If your website or catalog isn’t selling enough products, take a look at the description.

There’s nothing wrong with listing every single feature or “what’s included” because sure, that stuff matters.

Sort of.

The infomercial approach (highlighting every feature)might also be why your product descriptions are actually costing you, potential customers.

Address your audience and understand why they buy your product.

Do you know which problems your products solve? Can you give a tangible example or story that will make your visitors stop browsing and start buying?

Are you giving traffic a reason to choose you or a reason to shop around for the same product at a better price? Because if you are, they’ll find a better deal somewhere else… even if the cost is equal.

Push the right button(s).

Everybody has a “hot button”, something that ignites passion, anger, compassion, or some other powerful emotion. Your core audience, collectively, shares a hot button—at least one.
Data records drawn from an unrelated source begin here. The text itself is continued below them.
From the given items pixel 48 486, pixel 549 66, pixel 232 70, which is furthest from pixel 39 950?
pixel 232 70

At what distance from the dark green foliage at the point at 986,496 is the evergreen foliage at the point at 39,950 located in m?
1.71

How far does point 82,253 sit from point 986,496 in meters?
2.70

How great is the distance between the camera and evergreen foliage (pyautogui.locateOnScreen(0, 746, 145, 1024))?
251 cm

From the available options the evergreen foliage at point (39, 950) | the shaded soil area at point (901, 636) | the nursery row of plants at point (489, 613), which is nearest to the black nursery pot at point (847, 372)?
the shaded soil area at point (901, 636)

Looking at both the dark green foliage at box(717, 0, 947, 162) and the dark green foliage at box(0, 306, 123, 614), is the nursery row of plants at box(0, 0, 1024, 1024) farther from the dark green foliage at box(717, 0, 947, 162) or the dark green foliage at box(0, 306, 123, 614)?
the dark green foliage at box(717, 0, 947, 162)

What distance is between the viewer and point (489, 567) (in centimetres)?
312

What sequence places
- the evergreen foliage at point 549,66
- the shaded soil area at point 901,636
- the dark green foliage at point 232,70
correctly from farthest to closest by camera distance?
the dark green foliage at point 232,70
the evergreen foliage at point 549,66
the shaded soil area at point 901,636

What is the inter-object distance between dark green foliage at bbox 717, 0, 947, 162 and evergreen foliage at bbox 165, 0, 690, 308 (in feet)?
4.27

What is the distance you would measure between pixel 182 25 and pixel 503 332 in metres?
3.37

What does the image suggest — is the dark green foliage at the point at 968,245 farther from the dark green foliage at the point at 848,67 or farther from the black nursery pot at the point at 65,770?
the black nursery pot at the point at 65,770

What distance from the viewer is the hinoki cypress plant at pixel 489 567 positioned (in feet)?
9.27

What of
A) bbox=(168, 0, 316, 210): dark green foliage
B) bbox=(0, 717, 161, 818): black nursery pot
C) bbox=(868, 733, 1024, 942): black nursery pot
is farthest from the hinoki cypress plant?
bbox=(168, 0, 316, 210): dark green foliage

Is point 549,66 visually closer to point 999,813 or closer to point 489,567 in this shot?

Case in point- weight loss products don’t sell because of the ingredients. That first spark of interest happens when a potential customer feels the frustration (that other efforts have failed) and the inspiration (that your product gets results).
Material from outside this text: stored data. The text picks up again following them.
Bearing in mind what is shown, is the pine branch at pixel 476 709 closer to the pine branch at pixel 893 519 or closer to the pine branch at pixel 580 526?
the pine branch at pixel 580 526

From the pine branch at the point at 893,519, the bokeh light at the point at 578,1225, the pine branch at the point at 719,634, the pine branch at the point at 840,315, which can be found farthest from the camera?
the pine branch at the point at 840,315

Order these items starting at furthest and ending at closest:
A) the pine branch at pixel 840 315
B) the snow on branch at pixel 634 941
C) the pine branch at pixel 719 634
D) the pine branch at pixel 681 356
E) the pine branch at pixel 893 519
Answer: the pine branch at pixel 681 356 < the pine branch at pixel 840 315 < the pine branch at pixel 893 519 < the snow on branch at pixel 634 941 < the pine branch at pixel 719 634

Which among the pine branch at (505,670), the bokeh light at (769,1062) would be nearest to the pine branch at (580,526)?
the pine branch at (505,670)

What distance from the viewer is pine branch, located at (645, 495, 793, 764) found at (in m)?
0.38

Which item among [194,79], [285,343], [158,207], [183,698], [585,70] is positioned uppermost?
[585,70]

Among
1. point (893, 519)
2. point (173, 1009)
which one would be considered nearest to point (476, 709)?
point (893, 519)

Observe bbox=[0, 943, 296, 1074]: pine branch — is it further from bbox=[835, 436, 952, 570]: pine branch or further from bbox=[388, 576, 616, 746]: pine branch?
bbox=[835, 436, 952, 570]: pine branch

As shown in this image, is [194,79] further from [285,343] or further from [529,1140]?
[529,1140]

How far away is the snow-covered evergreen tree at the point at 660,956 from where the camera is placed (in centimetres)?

Embedded throughout your entire website, there must be a consistently voiced message that ignites emotion. It’s okay if you lose some customers because they don’t agree with your message… it just means you’ll win over the customers who do share in the passion.

For an example of how to brand your products, look to diamond commercials that highlight the feeling of love and the promise she’ll say yes. Or look to alcohol commercials that talk about fun times (*drink responsibility) rather than rattling off ingredients or bottle features. Because you aren’t selling a product, you’re selling something that your audience wants.
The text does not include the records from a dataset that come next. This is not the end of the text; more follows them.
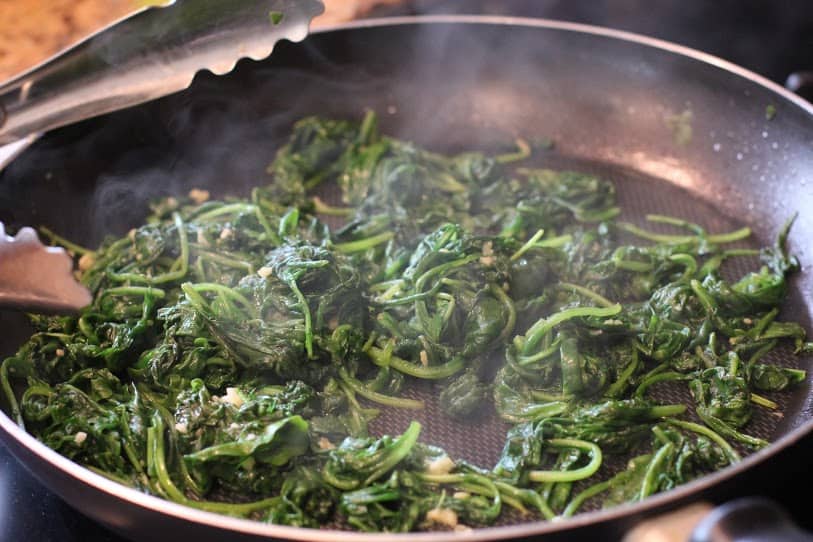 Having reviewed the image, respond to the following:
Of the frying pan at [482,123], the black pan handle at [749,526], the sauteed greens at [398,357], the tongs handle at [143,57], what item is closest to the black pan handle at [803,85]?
the frying pan at [482,123]

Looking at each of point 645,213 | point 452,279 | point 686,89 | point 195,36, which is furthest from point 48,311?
point 686,89

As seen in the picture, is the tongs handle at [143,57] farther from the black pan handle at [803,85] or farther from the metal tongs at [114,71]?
the black pan handle at [803,85]

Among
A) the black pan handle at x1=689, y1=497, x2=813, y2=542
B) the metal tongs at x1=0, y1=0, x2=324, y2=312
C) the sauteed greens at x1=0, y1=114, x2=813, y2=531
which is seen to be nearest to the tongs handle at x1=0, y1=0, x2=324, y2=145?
the metal tongs at x1=0, y1=0, x2=324, y2=312

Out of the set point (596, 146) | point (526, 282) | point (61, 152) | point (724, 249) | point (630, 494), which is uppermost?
point (61, 152)

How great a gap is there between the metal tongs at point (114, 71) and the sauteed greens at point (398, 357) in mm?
262

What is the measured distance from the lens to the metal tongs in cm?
304

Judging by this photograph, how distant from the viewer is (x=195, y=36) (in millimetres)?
3223

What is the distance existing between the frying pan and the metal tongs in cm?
28

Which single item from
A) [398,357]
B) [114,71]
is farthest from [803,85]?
[114,71]

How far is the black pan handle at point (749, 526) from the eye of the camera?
167 centimetres

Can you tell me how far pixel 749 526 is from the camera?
168 centimetres

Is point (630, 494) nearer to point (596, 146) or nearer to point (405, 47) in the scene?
point (596, 146)

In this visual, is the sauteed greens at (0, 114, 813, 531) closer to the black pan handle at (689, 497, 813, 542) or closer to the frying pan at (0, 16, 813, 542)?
the frying pan at (0, 16, 813, 542)

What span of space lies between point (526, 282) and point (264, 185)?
179cm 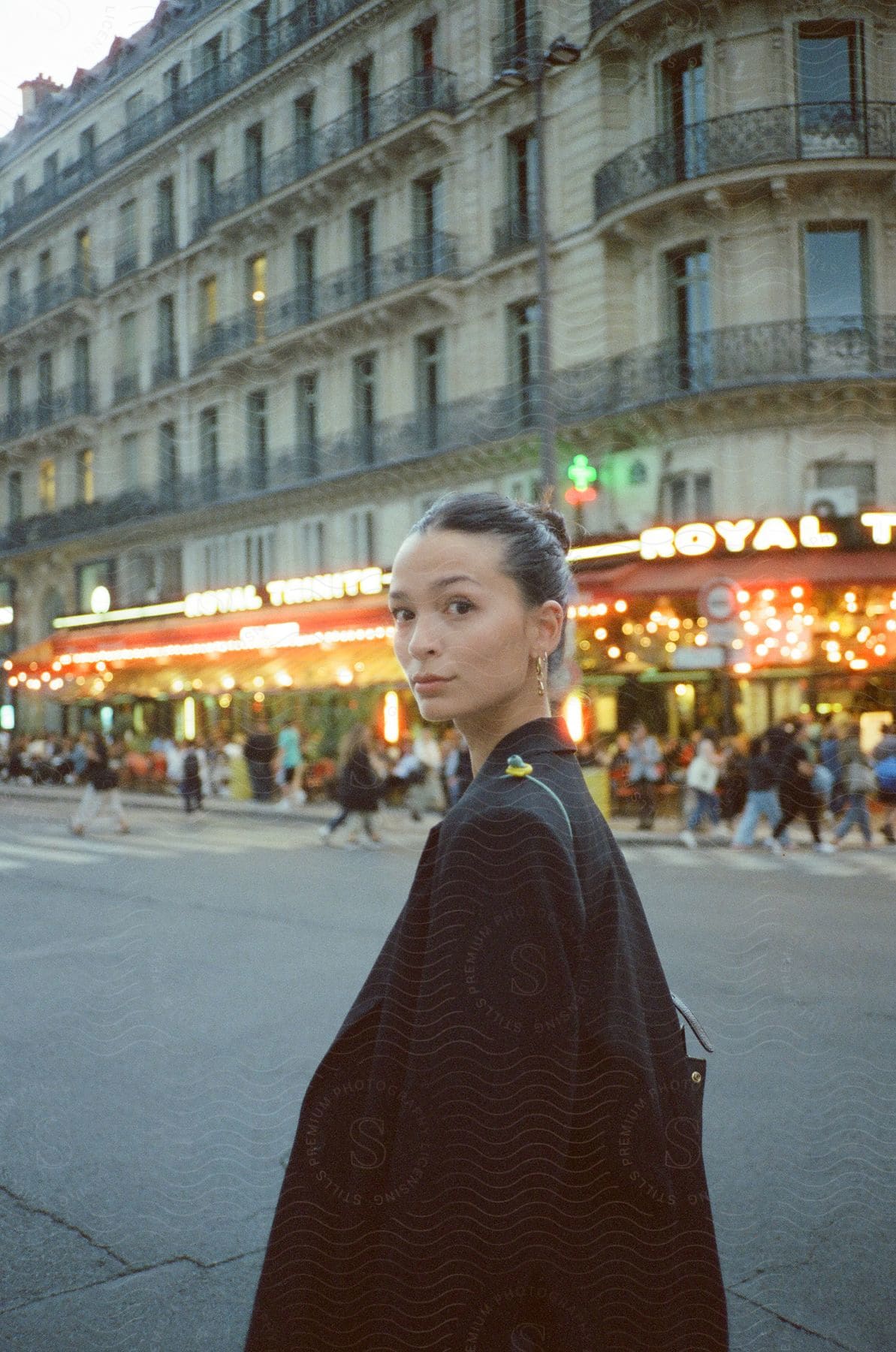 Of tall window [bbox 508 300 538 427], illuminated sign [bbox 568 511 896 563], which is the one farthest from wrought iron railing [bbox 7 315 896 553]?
illuminated sign [bbox 568 511 896 563]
Use this easy cheat to transform Features into Benefits.

So your tablet has a lightweight design, and it only weighs 10 ounces? To you, this is a selling point. To a potential customer, this data is a pretty boring feature because it doesn’t immediately apply to me personally.

Once you’ve listed out every selling point feature that is unique to or awesome about your product, you can transform it into a benefit with ease by adding a “so…” and then completing the statement with something more personal.

As it relates to the previous example, you have a “tablet that is designed to weigh so little that you can easily use it with only one hand, and you can carry it anywhere.”

Use that trick in product descriptions and suddenly, your customers will start to care a little bit more about that feature!